Deep Ultraviolet to Near-Infrared Emission and Photoresponse in Layered N‑Doped Graphene Quantum Dots

• Published in: ACS nano Vol. 8; no. 6; pp. 6312 - 6320
• Main Authors: Tang, Libin, Ji, Rongbin, Li, Xueming, Bai, Gongxun, Liu, Chao Ping, Hao, Jianhua, Lin, Jingyu, Jiang, Hongxing, Teng, Kar Seng, Yang, Zhibin, Lau, Shu Ping
• Format: Journal Article
• Language: English
• Published: United States American Chemical Society 24.06.2014
• Subjects: Broadband; Carbon - chemistry; Copper - chemistry; Electrodes; Electrons; Emission; Glucose - chemistry; Graphene; Graphite - chemistry; Lasers; Microscopy, Electron, Transmission; Nanostructure; Nanotechnology - methods; Optics and Photonics; Photochemistry; Photodetectors; Quantum Dots; Spectrophotometry; Spectrophotometry, Ultraviolet; Trapping; Ultraviolet; Ultraviolet Rays; photoresponse; broadband emission; photoluminescence; graphene quantum dot; nitrogen doping
• ISSN: 1936-0851; 1936-086X
• DOI: 10.1021/nn501796r

Material that can emit broad spectral wavelengths covering deep ultraviolet, visible, and near-infrared is highly desirable. It can lead to important applications such as broadband modulators, photodetectors, solar cells, bioimaging, and fiber communications. However, there is currently no material that meets such desirable requirement. Here, we report the layered structure of nitrogen-doped graphene quantum dots (N-GQDs) which possess broadband emission ranging from 300 to >1000 nm.
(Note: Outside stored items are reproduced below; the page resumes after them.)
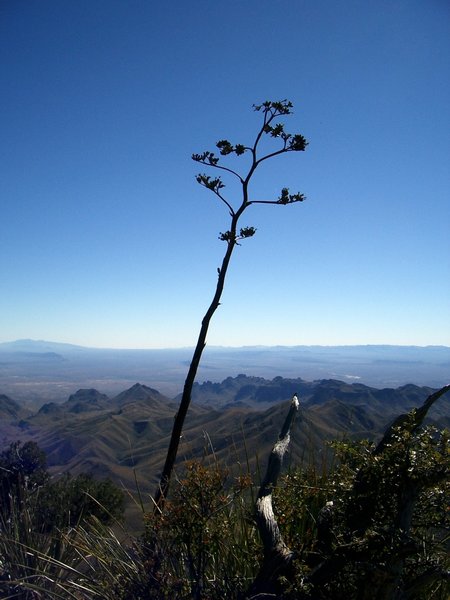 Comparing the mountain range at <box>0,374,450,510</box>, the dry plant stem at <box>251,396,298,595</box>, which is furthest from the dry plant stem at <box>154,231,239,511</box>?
Result: the mountain range at <box>0,374,450,510</box>

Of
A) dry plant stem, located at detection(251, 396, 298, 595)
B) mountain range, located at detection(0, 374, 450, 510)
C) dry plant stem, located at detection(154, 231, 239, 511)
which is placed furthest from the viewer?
mountain range, located at detection(0, 374, 450, 510)

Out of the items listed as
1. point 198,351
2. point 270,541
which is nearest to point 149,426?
point 198,351

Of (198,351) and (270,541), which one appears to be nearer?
(270,541)

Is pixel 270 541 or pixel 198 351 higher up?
pixel 198 351

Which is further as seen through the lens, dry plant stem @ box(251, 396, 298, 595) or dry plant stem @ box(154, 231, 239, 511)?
dry plant stem @ box(154, 231, 239, 511)

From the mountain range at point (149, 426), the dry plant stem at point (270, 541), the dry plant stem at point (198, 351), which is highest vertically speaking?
the dry plant stem at point (198, 351)

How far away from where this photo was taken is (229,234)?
14.3 feet

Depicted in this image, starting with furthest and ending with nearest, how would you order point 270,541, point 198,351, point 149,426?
point 149,426 → point 198,351 → point 270,541

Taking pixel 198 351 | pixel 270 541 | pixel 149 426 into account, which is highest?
pixel 198 351

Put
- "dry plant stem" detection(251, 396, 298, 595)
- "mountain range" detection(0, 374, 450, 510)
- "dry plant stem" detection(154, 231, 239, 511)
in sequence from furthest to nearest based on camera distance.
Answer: "mountain range" detection(0, 374, 450, 510) < "dry plant stem" detection(154, 231, 239, 511) < "dry plant stem" detection(251, 396, 298, 595)

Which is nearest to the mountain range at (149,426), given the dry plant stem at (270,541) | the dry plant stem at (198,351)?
the dry plant stem at (198,351)

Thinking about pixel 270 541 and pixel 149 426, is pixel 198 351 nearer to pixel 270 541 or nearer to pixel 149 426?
pixel 270 541

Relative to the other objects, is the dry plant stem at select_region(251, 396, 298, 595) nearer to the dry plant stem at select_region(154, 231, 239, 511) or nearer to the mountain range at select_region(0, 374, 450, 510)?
the dry plant stem at select_region(154, 231, 239, 511)

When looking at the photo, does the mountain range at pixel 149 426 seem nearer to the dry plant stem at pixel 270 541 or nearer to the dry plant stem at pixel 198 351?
the dry plant stem at pixel 198 351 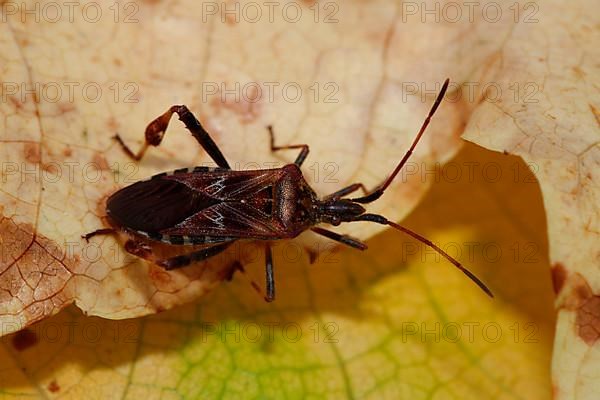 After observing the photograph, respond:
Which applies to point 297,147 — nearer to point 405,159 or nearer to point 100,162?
point 405,159

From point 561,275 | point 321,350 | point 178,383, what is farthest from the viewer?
point 321,350

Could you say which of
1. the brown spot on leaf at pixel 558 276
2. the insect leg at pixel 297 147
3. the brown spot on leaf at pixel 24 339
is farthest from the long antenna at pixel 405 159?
the brown spot on leaf at pixel 24 339

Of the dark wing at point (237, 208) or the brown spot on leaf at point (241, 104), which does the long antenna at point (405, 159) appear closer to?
the dark wing at point (237, 208)

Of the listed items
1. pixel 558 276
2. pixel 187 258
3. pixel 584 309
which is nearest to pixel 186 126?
pixel 187 258

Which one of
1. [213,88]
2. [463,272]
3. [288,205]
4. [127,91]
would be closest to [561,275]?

The broadband emission is attributed to the layered structure of the N-GQDs that contains a large conjugated system and provides extensive delocalized π electrons. In addition, a broadband photodetector with responsivity as high as 325 V/W is demonstrated by coating N-GQDs onto interdigital gold electrodes. The unusual negative photocurrent is observed which is attributed to the trapping sites induced by the self-passivated surface states in the N-GQDs.